WHAT TO WORK ON:
Somewhere below is a line with "Renault Clio 2" and, later, a line with "BMW 318d Touring Steptronic-image-14"; repeat those two lines and all the lines between them, exactly as they are.

INPUT:
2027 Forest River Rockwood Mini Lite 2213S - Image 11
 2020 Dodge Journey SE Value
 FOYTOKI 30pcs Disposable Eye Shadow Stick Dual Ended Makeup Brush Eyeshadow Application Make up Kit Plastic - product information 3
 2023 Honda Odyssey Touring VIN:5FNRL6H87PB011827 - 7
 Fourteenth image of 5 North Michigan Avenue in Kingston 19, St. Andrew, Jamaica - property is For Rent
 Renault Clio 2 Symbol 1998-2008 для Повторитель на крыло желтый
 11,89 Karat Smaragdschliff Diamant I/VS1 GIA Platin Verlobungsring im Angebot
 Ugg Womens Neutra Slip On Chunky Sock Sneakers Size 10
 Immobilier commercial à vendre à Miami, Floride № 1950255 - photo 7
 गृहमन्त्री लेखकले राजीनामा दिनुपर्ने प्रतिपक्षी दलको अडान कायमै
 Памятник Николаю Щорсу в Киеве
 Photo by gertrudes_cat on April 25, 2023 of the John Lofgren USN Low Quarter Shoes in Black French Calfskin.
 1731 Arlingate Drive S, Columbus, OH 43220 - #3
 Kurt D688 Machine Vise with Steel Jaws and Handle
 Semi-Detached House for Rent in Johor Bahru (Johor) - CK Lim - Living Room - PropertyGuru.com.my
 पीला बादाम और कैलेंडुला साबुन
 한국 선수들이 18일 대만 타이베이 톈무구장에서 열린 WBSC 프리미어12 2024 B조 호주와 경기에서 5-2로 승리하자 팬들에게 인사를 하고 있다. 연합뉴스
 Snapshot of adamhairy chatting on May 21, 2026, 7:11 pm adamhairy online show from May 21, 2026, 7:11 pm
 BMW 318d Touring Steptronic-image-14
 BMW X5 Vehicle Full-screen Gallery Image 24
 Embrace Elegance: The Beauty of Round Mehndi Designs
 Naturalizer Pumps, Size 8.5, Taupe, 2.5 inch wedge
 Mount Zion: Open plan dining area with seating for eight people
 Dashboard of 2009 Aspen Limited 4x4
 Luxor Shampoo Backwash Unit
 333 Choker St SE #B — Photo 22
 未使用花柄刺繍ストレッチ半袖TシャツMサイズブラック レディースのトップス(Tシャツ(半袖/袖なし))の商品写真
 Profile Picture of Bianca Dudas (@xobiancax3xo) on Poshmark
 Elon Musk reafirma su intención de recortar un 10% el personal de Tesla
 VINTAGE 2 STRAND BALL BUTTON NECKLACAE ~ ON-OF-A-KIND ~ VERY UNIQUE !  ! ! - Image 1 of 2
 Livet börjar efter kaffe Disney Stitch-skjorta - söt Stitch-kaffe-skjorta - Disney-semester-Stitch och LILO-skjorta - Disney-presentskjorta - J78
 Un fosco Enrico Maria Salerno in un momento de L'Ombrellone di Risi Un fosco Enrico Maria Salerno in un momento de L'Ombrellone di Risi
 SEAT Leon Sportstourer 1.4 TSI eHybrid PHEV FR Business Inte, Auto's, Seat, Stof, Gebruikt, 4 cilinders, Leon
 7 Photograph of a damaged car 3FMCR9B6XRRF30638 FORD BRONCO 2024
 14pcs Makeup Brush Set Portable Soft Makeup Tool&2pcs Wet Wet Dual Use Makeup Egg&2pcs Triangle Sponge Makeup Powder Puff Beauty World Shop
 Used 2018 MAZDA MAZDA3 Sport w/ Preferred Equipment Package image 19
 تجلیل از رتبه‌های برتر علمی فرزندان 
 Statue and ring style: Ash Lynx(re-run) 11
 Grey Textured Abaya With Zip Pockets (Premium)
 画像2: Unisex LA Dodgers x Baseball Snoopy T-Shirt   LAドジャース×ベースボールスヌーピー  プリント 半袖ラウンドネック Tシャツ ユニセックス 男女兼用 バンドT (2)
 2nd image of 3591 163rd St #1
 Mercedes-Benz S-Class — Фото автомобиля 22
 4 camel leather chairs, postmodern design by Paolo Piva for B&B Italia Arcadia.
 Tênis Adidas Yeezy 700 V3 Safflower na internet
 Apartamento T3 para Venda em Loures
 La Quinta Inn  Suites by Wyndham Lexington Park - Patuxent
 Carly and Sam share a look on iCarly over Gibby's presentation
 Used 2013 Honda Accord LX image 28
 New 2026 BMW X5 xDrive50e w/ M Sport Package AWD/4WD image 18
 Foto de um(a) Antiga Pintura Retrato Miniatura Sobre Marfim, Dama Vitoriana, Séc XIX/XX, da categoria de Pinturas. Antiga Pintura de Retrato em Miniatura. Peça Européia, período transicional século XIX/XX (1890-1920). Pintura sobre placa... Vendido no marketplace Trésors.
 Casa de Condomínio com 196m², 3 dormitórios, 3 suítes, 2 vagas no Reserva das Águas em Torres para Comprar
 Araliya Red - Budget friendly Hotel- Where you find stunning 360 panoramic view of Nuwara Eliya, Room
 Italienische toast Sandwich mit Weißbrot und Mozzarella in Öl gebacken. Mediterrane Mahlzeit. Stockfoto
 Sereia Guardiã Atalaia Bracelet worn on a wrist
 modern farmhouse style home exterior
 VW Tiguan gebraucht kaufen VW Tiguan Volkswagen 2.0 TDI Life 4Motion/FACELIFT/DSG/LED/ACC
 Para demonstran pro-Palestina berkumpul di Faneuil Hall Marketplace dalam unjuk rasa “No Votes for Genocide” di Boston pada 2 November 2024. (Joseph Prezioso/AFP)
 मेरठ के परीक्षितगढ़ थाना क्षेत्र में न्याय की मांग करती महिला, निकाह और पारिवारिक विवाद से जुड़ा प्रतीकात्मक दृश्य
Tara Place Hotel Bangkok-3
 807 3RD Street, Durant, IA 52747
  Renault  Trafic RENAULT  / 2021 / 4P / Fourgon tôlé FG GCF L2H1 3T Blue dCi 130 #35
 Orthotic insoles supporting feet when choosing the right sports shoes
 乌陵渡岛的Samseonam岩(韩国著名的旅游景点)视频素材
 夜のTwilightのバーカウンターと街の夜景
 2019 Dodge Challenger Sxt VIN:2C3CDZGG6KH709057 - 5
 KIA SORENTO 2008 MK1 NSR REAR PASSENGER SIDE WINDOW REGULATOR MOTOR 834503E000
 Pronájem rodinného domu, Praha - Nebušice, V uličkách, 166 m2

ANSWER TO THIS EXERCISE:
 Renault Clio 2 Symbol 1998-2008 для Повторитель на крыло желтый
 11,89 Karat Smaragdschliff Diamant I/VS1 GIA Platin Verlobungsring im Angebot
 Ugg Womens Neutra Slip On Chunky Sock Sneakers Size 10
 Immobilier commercial à vendre à Miami, Floride № 1950255 - photo 7
 गृहमन्त्री लेखकले राजीनामा दिनुपर्ने प्रतिपक्षी दलको अडान कायमै
 Памятник Николаю Щорсу в Киеве
 Photo by gertrudes_cat on April 25, 2023 of the John Lofgren USN Low Quarter Shoes in Black French Calfskin.
 1731 Arlingate Drive S, Columbus, OH 43220 - #3
 Kurt D688 Machine Vise with Steel Jaws and Handle
 Semi-Detached House for Rent in Johor Bahru (Johor) - CK Lim - Living Room - PropertyGuru.com.my
 पीला बादाम और कैलेंडुला साबुन
 한국 선수들이 18일 대만 타이베이 톈무구장에서 열린 WBSC 프리미어12 2024 B조 호주와 경기에서 5-2로 승리하자 팬들에게 인사를 하고 있다. 연합뉴스
 Snapshot of adamhairy chatting on May 21, 2026, 7:11 pm adamhairy online show from May 21, 2026, 7:11 pm
 BMW 318d Touring Steptronic-image-14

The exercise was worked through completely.